**Data to process**
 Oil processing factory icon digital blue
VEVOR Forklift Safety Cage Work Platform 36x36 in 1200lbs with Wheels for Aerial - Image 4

...

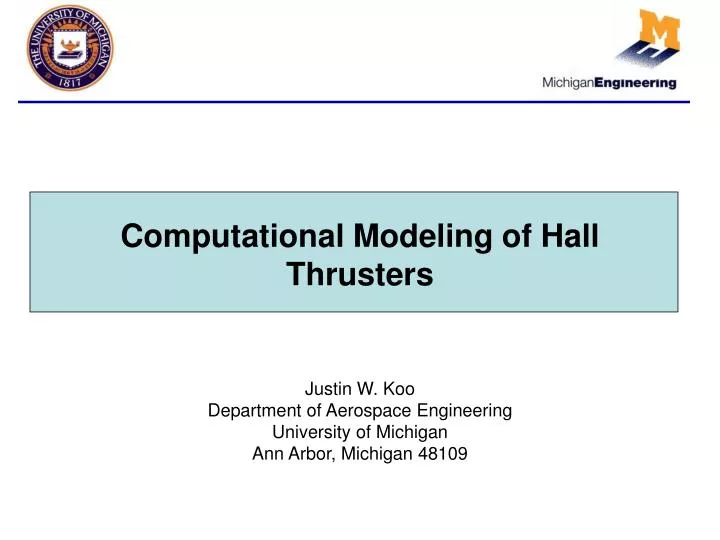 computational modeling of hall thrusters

---

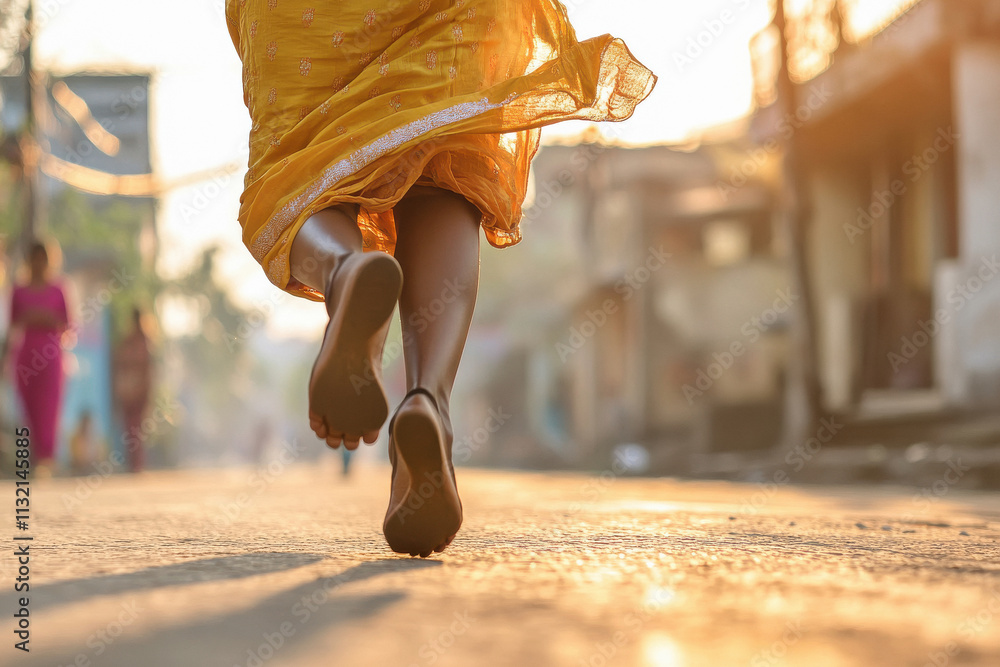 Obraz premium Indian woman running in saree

**Exercise aim**
Everything above from the line containing "Oil processing factory icon digital blue" down to the line containing "VEVOR Forklift Safety" is to be transcribed exactly, with both of those lines included and nothing else added.

**Exercise result**
 Oil processing factory icon digital blue
VEVOR Forklift Safety Cage Work Platform 36x36 in 1200lbs with Wheels for Aerial - Image 4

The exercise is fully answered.